- TASK TO COMPLETE:
The answer is an exact repeat of the entries below, with the pictures omitted.

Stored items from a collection
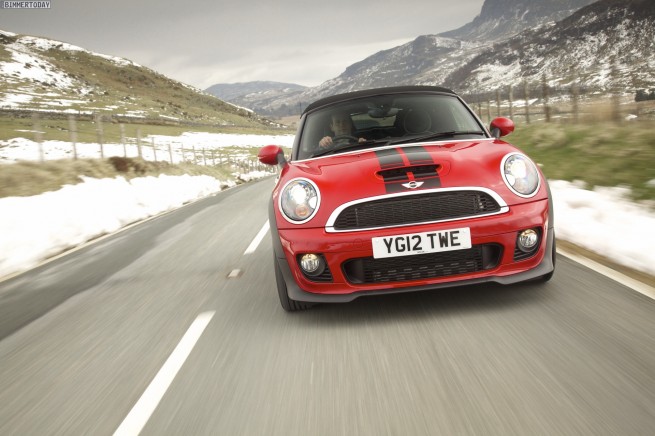 MINI-Cooper-S-Roadster-R59-UK-RHD-02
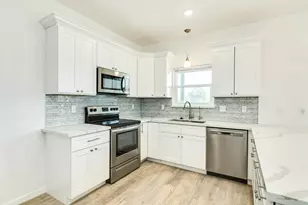 344 Thunder Rd, Surfside Beach, TX 77541 - Photo 10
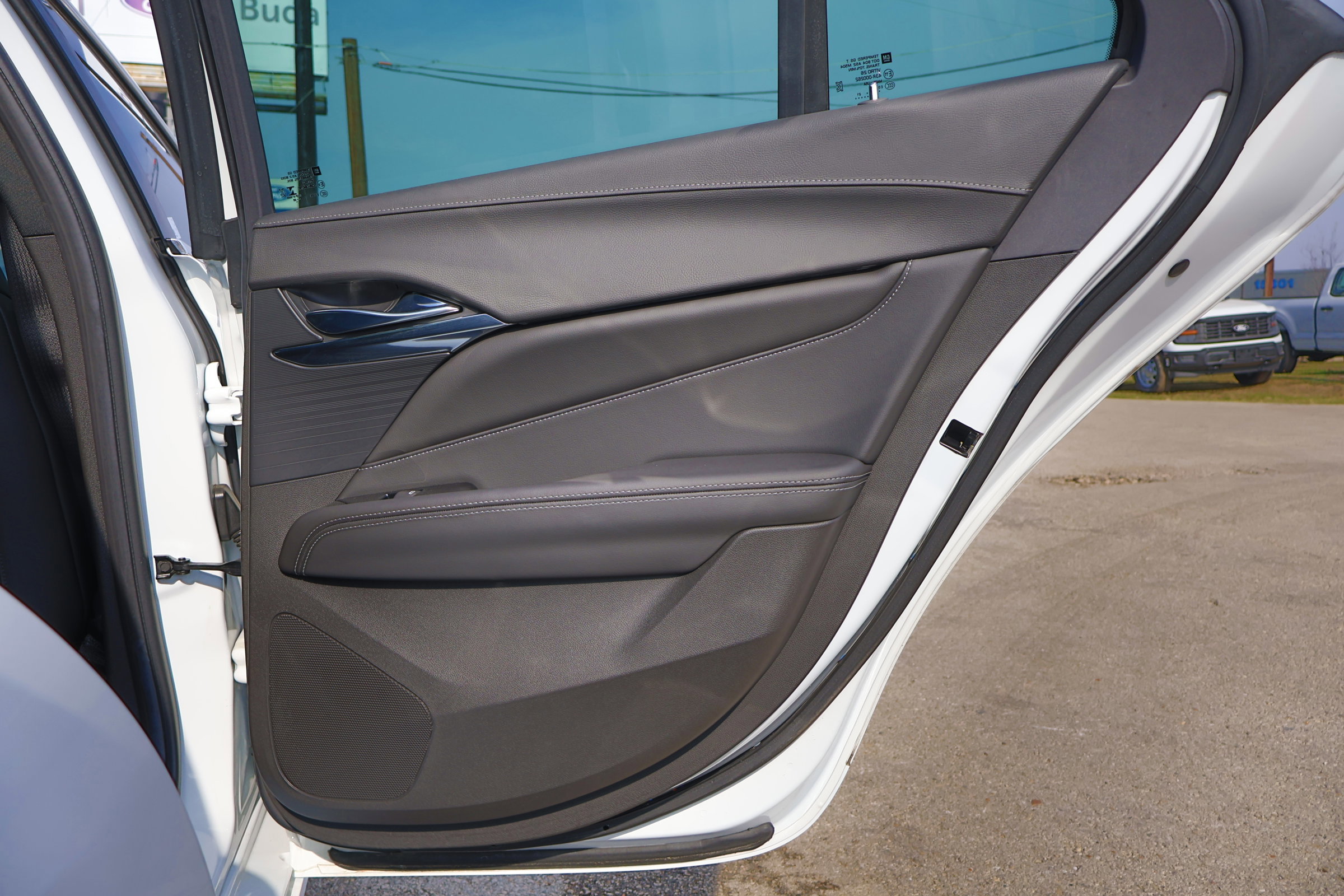 Used 2023 Cadillac CT4 Luxury image 38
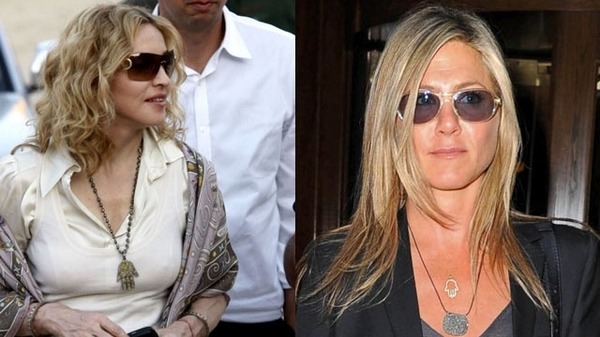 Nữ hoàng nhạc Pop Madonna (bên trái) và nữ diễn viên Jennifer Aniston (bên phải) đều yêu thích trang sức có biểu tượng Hamsa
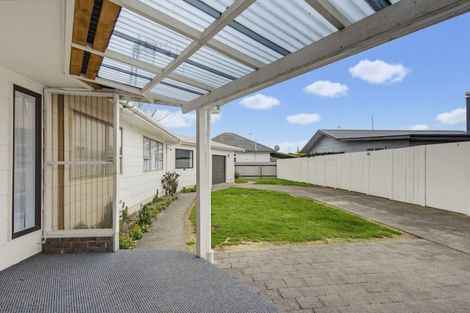 Photo of property in 19 Rimu Street, Levin, 5510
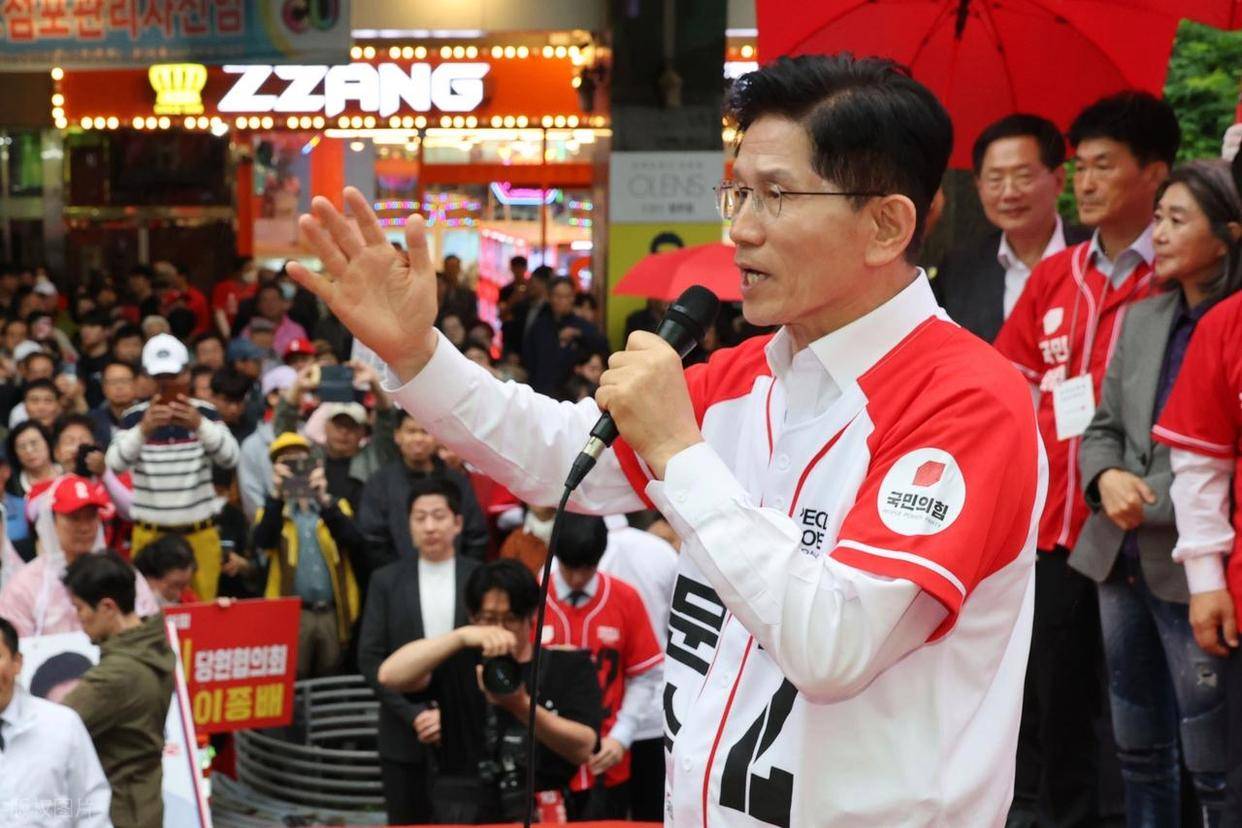 韩国爆发仇华浪潮<strong></p>
<p>安卓推币游戏</strong>，李在明罕见警告，关键时刻，一句话定下中韩大局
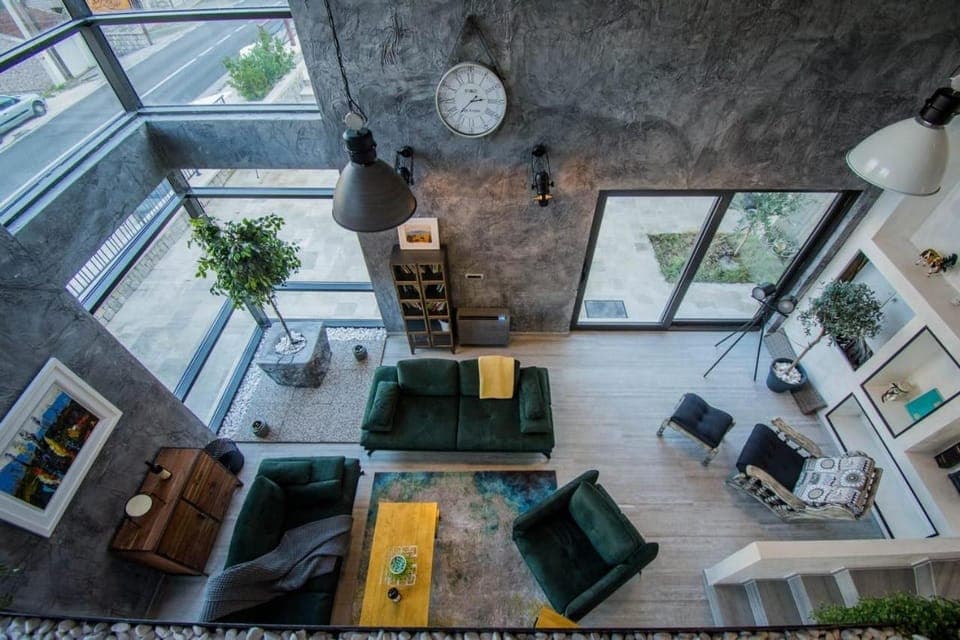 Living room, Seating area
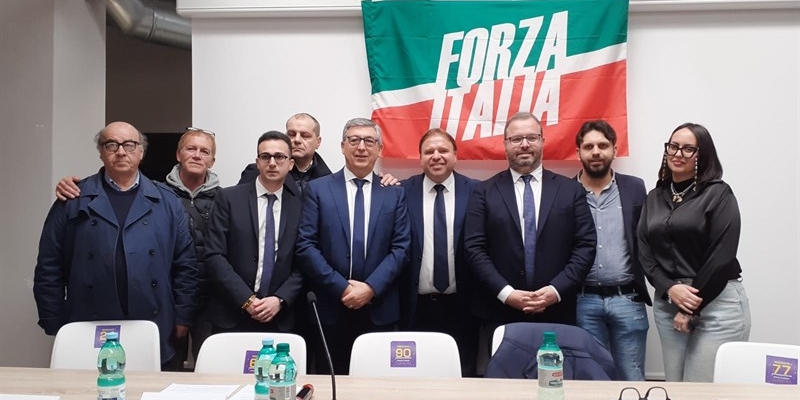 Al fianco dell'onorevole De Palma il segretario Angelillo Al fianco dell'onorevole De Palma il segretario Angelillo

- RESULT FOR THIS TASK:
 MINI-Cooper-S-Roadster-R59-UK-RHD-02
 344 Thunder Rd, Surfside Beach, TX 77541 - Photo 10
 Used 2023 Cadillac CT4 Luxury image 38
 Nữ hoàng nhạc Pop Madonna (bên trái) và nữ diễn viên Jennifer Aniston (bên phải) đều yêu thích trang sức có biểu tượng Hamsa
 Photo of property in 19 Rimu Street, Levin, 5510
 韩国爆发仇华浪潮<strong></p>
<p>安卓推币游戏</strong>，李在明罕见警告，关键时刻，一句话定下中韩大局
 Living room, Seating area
 Al fianco dell'onorevole De Palma il segretario Angelillo Al fianco dell'onorevole De Palma il segretario Angelillo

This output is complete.